The type of activity that gives capitalism a bad name – a look at Naspers, Prosus, Sanlam and Steinhoff.
A high court was given this past weekend to make sense of a 2 000-page Steinhoff document that was probably designed never to make sense to ‘outsiders’. Image: Daniel Acker/Bloomberg

Naspers and Prosus didn’t quite dominate investor interest last week but they did soak up a lot of it. Of course that’s probably inevitable given the size of Naspers/Prosus and the fact that whenever it coughs we all get the investment equivalent of Covid.

The companies’ response to the unprecedented letter from 36 asset managers was unhelpful given that it was generally a repeat of all that has been said in the past. Perhaps the boards are to be admired for their consistency, or criticised for carrying on regardless.

For the past 20 years Naspers has been a story of the utter randomness of investment; proof that great rewards can be earned on the basis of little more than good luck, which includes being in the right place at the right time and knowing the right people.

The Naspers executive who actually tracked down Tencent left Naspers shortly after he found what was almost an unknown entity; not for him the hundreds of millions of rands that were picked up merely by dint of being an executive or just a director of a company that owned the single largest stake in one of the world’s most valuable companies.

The 36 asset managers who took the unprecedented step of writing to the Naspers board are rightly concerned by the utter incomprehensibility of the group’s remuneration policy.
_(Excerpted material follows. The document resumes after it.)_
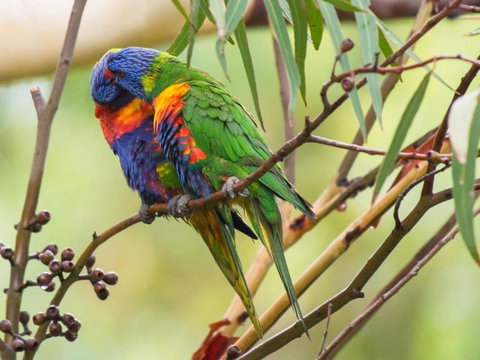 Waterfront Jervis Bay Escape Cooinda - Accommodation Bookings 1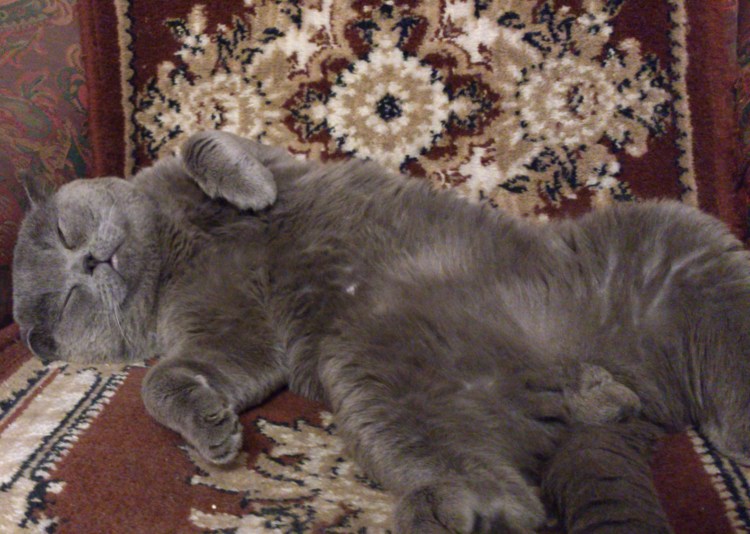 Как лечить мочекаменную болезнь у кошек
How is it possible that Naspers/Prosus executives enjoy hugely generous remuneration packages merely because someone – who no longer has links to Naspers – did a lot of smart and hard work 20 years ago?

If that doesn’t make a complete mockery of Naspers/Prosus remuneration policy, cobbled together at huge expense every year, nothing will; but it seems these people will continue to carry on regardless.

This is precisely what gives capitalism a bad name.

Meanwhile the Chinese government continues to tighten its grip around its leading tech giants – primarily Alibaba and Tencent. Reports that Beijing has passed a data security law to strengthen its control over digital information comes as a bit of a surprise as most people had assumed the Chinese government had unfettered access to whatever data was collected by its tech giants. But the news should remind us that there may come a day when the enormously contrived structure that underpins foreign investment in China’s tech sector crumbles under the weight of that contrivance.

Sanlam

On a sort of related matter Sanlam’s AGM seemed a straightforward enough event so it was difficult to understand why it took the group 48 hours to release the results of the voting. Perhaps the exodus of executives has reached its secretarial department.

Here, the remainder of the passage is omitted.